Being fat does have an every day impact. A lot of fat girls I know deal with chafing thighs. It can be hard to fit through narrow spaces when you have a large belly. There are plenty of small, practical details that could go into the story of a fat character just like they do for anyone else. And yeah, being fat, especially in a society like ours, can absolutely have an impact on your worldview. There are loads of things that impact your worldview but don’t take over your life, though.

What about the issue of health and fitness? I know you’re thinking it. How can a fat character go on an adventure if they’re out of shape and can’t run from the bad guys?

Here’s the thing. Being fat doesn’t mean being unhealthy, and being skinny doesn’t mean being healthy. That’s the same for whether or not you’re in shape. There are fat people who can easily run a mile, and skinny people who struggle to run a block. The default for most YA protagonists seems to be “in shape”, even if they never work out or do anything to keep their bodies fit. You can certainly write a fat character who struggles with the running aspect. You can write a skinny character who does, too. Just know that you can also write a fat character who’s in shape. That is something that exists. For more on fat health, totally check out this blog, which also links to even more resources on the topic.

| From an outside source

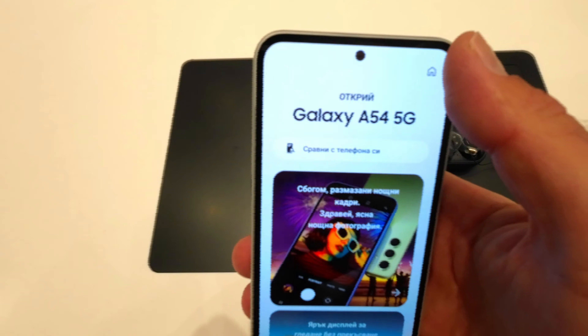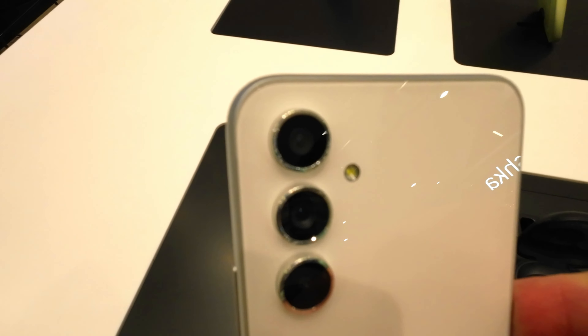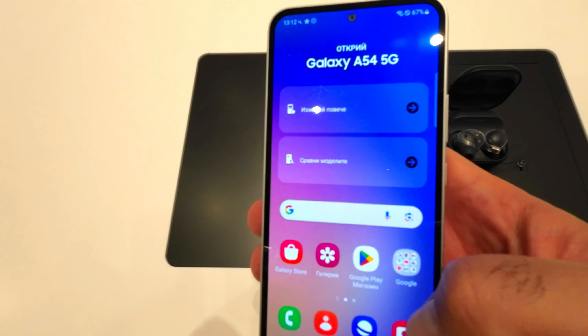This is the Samsung Galaxy A54 5G, released in April 2023 and equipped with a number of features that make it a competitive mid-range device that offers 5G connectivity. The phone is priced at $399.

I want to give fat teenage girls someone to look up to. I want them to see that, oh, this girl is fat like me and she’s still having an amazing adventure. She has confidence, but also struggles with the sort of things that I do. She has depth. She is fat, but she is more than that. There’s no point in ignoring the fat of a character, it just shouldn’t be the only thing that they are. They’re also people.

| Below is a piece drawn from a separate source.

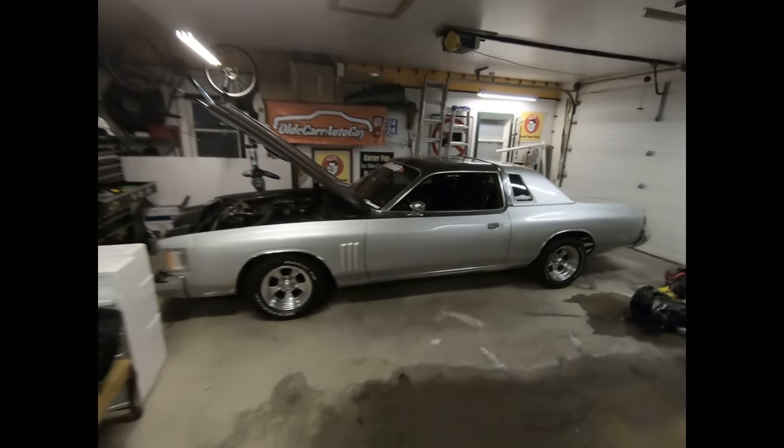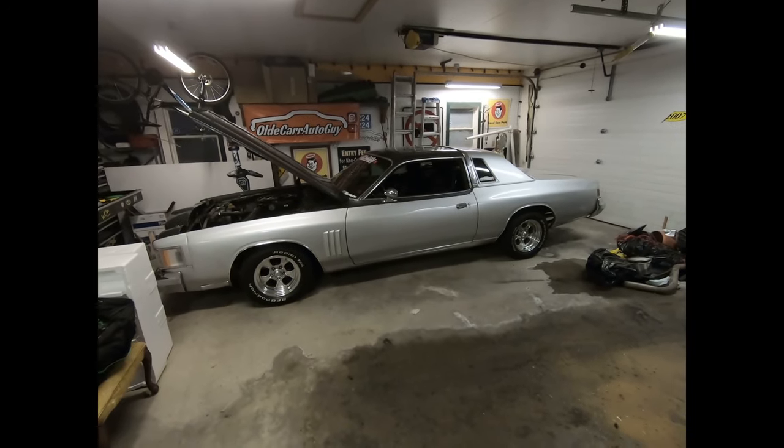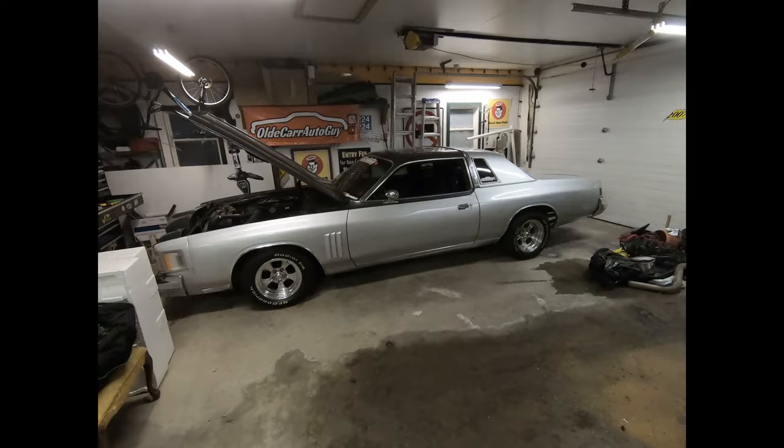Good morning guys. Happy New Year once again. My name is Jason. You're watching Old Car Auto Guy and this is my 1979 Chrysler Cordova. If this is your first time tuning into this channel, I would encourage you right now to go right down here and hit that red subscribe button bell notification, stay subscribed to stay updated to all the shenanigans and all the fun that we have on this channel.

Here’s the part where I ask for your opinions. What do you think about this? I’d love to get a dialogue going on this. And if you have any book suggestions that involve fat characters presented in a positive or human way, please share them! I’ve been pretty critical here and it would be great to have some positivity. I’d also like to do a post in the future for Tuesday Reads about good YA with fat protagonists.